Independent Catholic News



  1. Mark says:

    Dear “Concerned,”

    I do not find the positions of the bishops in the above article to be hypocritical at all.

    Many, many people do disagree with the bishops in their official teachings, even publicly, without being “thrown out of the Church.” Your own comments in a public forum are an illustration of this.

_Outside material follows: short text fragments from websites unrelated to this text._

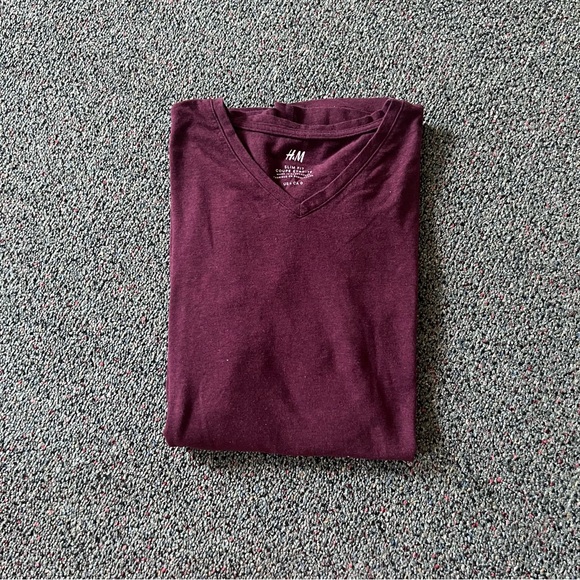 H&M Maroon Slim Fit Short-Sleeve V-Neck Lightweight Cotton T-Shirt Casual Top L - Picture 10 of 16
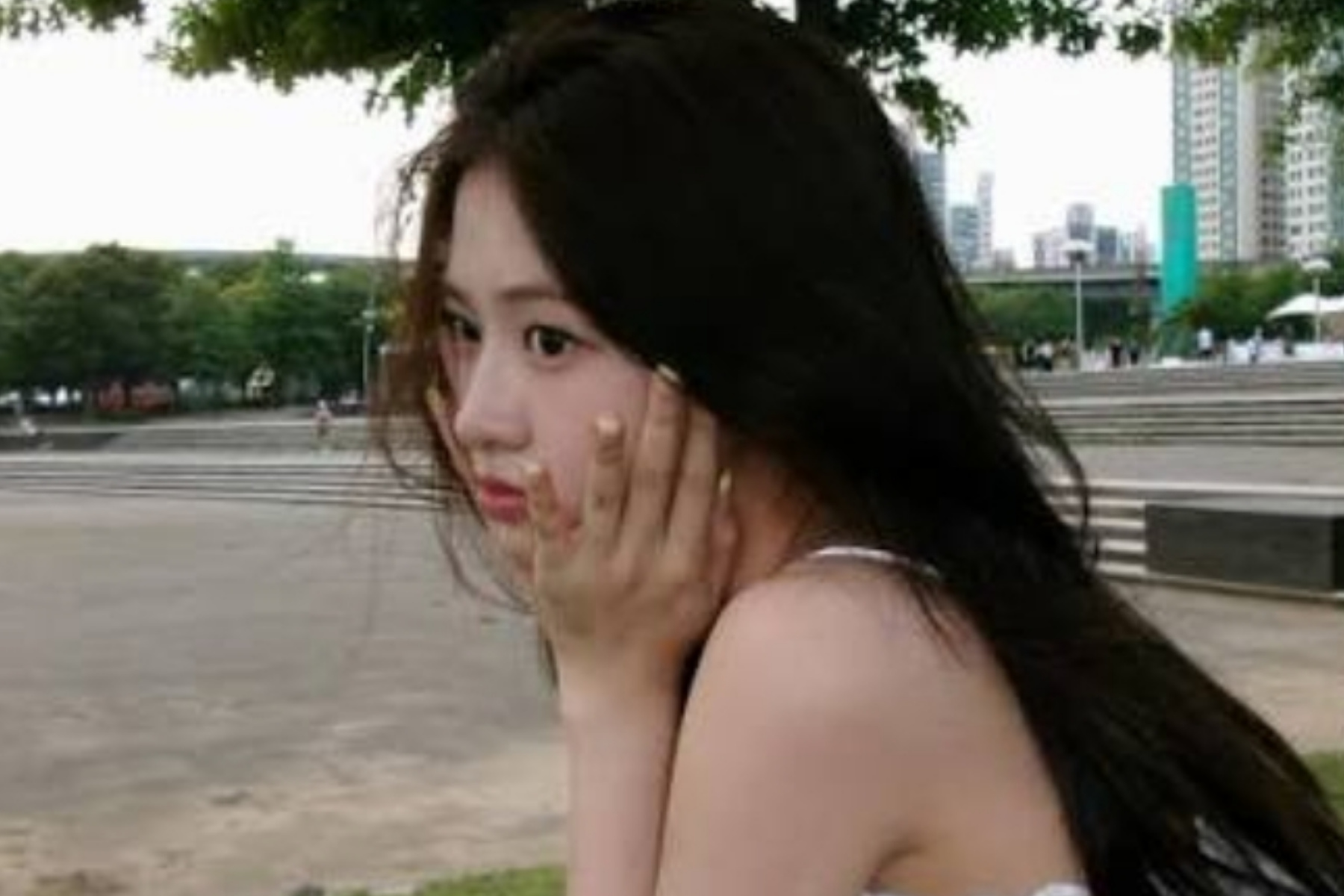 An Yujin Tampil Beda di TIMA 2026, Sneakers Justru Jadi Sorotan Fans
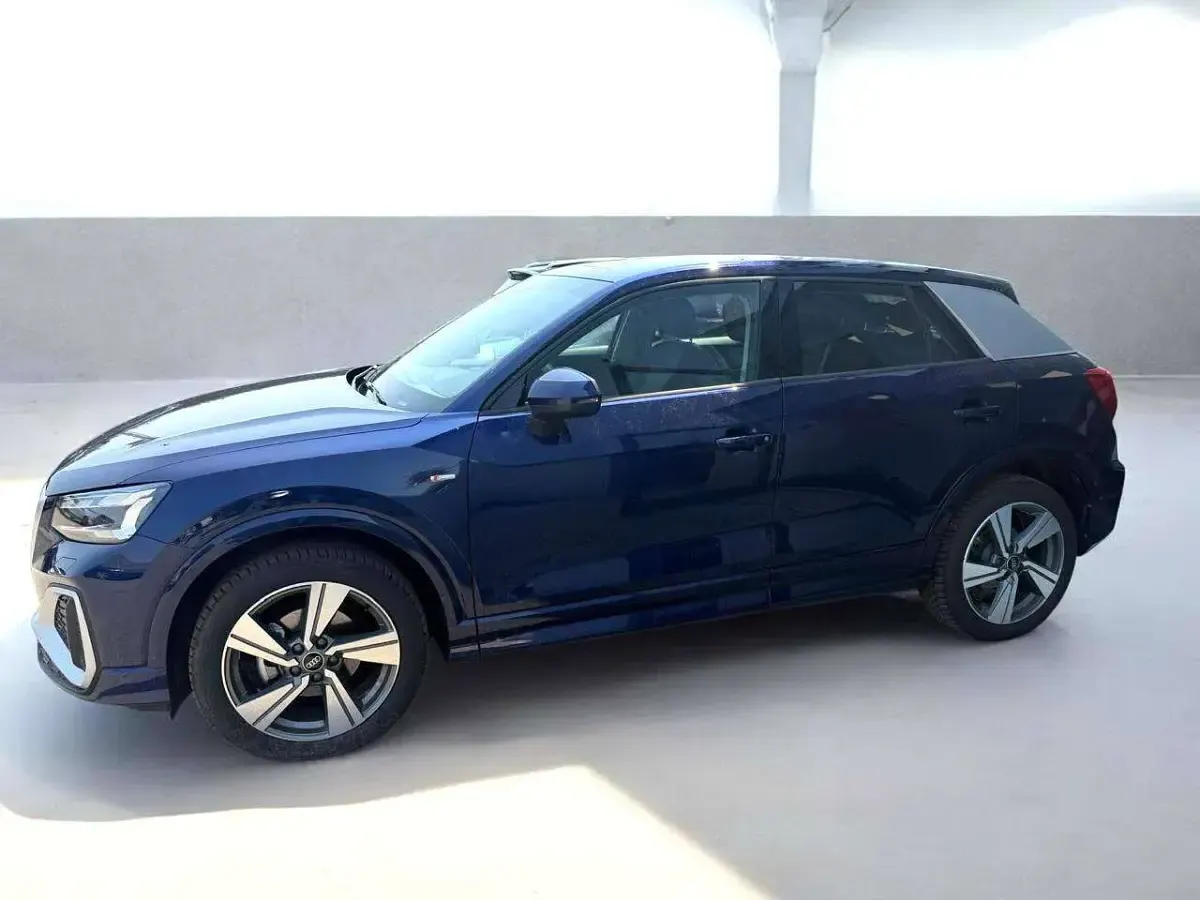 Usata Audi Q2 S-Line 110 CV (80 kW) 2023 Blu navarra metallizzato SUV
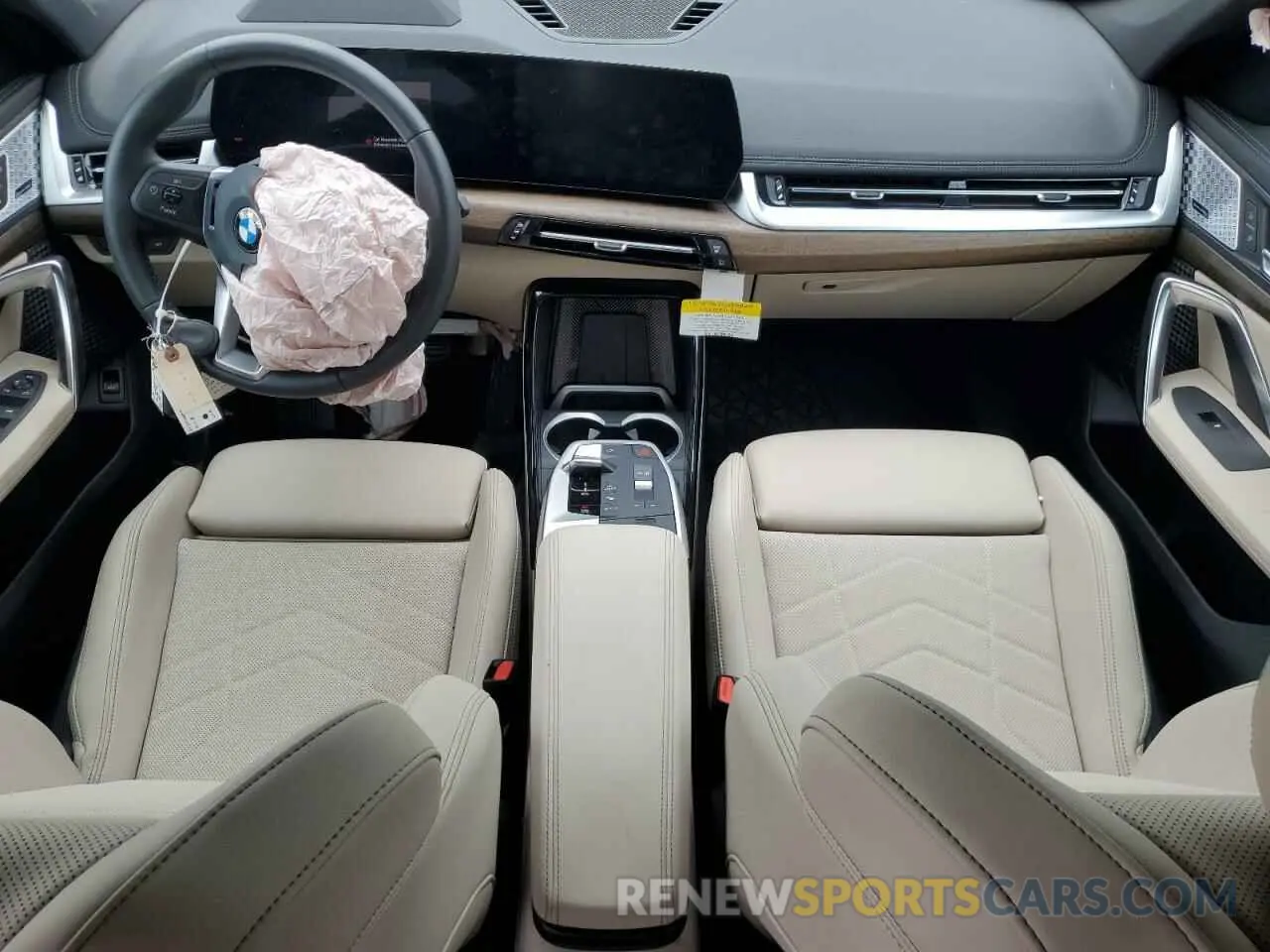8 Фотография поврежденного автомобиля WBX73EF08P5Y22376 BMW X1 2023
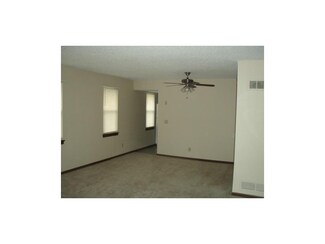 8603 NW 83rd St, Kansas City, MO 64152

    What the bishops are objecting to in this article are laws that force at least some Catholic employers, including themselves, to cooperate in evil actions if they want to continue doing the excellent work that they do in hospitals, schools, and public charities. Ironically, it is now the government which is trying to impose its own morality on them.

    • Carl says:

      Mark, you make an elementary but quite common mistake: we are a secular society. I may be against contraception because of the Church, yet my secular co-worker should not be forced to obey my conscience.

      • Ann says:

        Agree Carl. A person may believe whatever he/she chooses, but as a member of a secular/civil society, one is required to obey the laws of the land. One may believe in polygamy, but one may not practice it. Obama has bent over backwards to assure churches that they do not have to provide concraceptive coverage, for example, allowing their insurance companies to cover it, but insofar as a church is a public employer, it is required to follow Obama care, currently the law of the land. Obama has attempted to be fair while the bishops continue to come off as biological, knuckle- dragging troglodytes when it come to women’s health issues.

    • Concerned says:

      Mark, tell that to the priests who have been dismissed for any type of opposing view. Tell that to the catholic public figures who have been denied Communion. Tell that to the Religious Women who have been threatened with excommunication for opposing views. No one in the Church is allowed to claim something is a matter of “conscience” to be spared from the iron hand of those who seek to enforrce their own will. As an example, a priest may find that it is a matter of conscience that he disagrees with the Church on the matter of women priests, but he is not allowed to say that. A person may find it a matter of “conscience” to be unable to support the Church’s position on birth control, but if that person says it publicly a priest can deny the Eucharist. I never said I disagree or agree with the position of the Bishops on the HHS issue. My point is, if the Bishops want consideration – they should show consideration. They do not – that action, or inaction, makes their overall position hypocritical.

  2. Concerned says:

    Perhaps the hierarchy should lead by axample. They have absolutely no issue with disregarding an individual’s conscience when someone disagrees with them. Their resopnse, “throw them out of the church.” But here they are preaching a message simply because it benefits them. The hierarchy of the Catholic CHurch wants it both ways. It is so bad that now they can not even see the hypocrisy of their comments. This is part of the reason why the hierarchy has ero credibility in the world. It is why they are ignored. It is why many leave the CHurch. If a priest were to say his conscience calls him to speak out in favor of something different, the hierarchy would not care one bit. When will these blind guides see what they are doing? When will they reverse their adoption of the the way of the Pharisees and Scribes and prefer the way of Jesus? Can the next Pope be the one who will have eyes that are open? Can the next Pope begin to rebuild credibility? Let’s hope so – because time is running out before the Church reaches the popint of no return – and becomes completely meaningless, obsolete and totally lacking in any credibility at all.